There is a nice pond in my backyard garden on Centre street. When I preface the word “pond” with “goldfish“ your mind and eye make an instant adjustment, and from imagining cattails, ducks, pinkletinks, swamp iris and the wildlife that comes to drink at a pond, the reader thinks “oh, goldfish” and sees a few nice rocks, maybe some water lilies or hyacinths, and a couple of ornamental frogs.

There are two stone frogs, and the water hyacinths become thick as the season progresses. And it is a goldfish pond, and a pretty good-sized one. Very like a natural body of water, in miniature. Like enough so that the above-mentioned animals all come to call; the swamp iris are so abundant they must be thinned every year, the ivy climbs all over the rocks, and bushes and trees arch over the water. (There is also a spigot connected to the town water supply which feeds the fountain and cascades down the rocks.) We get anxious sometimes for rain. The pond is surrounded by great chunks of rock and boulders; some are flat and jut out over the water, just big enough for a child to stand on and “fish.” (They haul in rocks and roots and bits of muddy junk causing screams of “yuck!” There is one very big stone shaped like an elephant that comes to drink, on the far side of the pool; his trunk touches the water and is covered with ivy. By consent of Jen and Greg and myself, it is an elephant.

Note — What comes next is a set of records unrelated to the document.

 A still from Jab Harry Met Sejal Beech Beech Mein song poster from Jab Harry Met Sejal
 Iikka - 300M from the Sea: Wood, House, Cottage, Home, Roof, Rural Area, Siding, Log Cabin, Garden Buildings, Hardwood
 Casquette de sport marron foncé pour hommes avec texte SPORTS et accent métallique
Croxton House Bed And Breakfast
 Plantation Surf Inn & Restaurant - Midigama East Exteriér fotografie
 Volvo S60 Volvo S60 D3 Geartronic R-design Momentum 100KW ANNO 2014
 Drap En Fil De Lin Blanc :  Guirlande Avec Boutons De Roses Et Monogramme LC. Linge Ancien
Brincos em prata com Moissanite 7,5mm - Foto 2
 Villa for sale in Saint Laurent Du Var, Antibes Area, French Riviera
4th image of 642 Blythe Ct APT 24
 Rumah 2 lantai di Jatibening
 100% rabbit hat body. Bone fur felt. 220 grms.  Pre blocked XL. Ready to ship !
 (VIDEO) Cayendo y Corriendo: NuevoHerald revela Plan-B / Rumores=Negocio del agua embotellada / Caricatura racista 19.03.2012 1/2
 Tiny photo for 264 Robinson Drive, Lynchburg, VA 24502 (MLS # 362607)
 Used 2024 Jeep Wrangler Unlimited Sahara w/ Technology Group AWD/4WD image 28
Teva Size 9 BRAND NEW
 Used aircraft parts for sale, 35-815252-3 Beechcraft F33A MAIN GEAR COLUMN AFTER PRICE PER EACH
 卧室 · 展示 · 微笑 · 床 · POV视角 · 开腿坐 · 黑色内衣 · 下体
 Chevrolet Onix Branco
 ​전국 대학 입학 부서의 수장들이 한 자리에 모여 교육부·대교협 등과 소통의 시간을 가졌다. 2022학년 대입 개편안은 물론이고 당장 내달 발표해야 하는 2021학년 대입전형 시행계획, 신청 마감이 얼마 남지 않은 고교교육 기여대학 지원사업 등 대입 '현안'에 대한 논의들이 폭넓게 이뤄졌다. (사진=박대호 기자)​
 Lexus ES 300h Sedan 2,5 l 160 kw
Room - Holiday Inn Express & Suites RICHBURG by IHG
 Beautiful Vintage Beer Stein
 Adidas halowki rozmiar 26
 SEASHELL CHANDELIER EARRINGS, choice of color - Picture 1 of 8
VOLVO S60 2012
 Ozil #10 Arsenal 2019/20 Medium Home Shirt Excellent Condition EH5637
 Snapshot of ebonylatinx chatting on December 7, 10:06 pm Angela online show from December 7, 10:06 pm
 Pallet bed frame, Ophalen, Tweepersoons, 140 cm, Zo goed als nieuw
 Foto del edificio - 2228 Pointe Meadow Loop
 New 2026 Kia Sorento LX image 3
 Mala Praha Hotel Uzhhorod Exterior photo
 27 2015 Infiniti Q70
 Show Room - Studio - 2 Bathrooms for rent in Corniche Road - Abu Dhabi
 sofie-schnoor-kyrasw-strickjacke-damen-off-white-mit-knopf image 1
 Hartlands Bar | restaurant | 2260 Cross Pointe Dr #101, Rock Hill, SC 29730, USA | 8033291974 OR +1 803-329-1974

Every spring a pair of ducks comes to set up house. They see a glint of water when flying overhead and down they come to inspect it for nesting purposes; this could be up-Island in the woods for what they can tell. But we have to chase them away. The fish don’t like it and our cats would make short work of any baby ducklings that might hatch. This takes several days to accomplish: I run out clapping my hands and waving my arms; they don’t want to go, but they lumber out of the water and flap heavily away. I’m really so sorry to disturb them, but the fish hide in the churned up water, and the cats eye them from the bushes. It won’t work. After a while of this they leave, and don’t come back. Until the next year. And every four-footed animal that will consent to live in the village comes to have a drink here. Cats, skunks, raccoons, the occasional deer.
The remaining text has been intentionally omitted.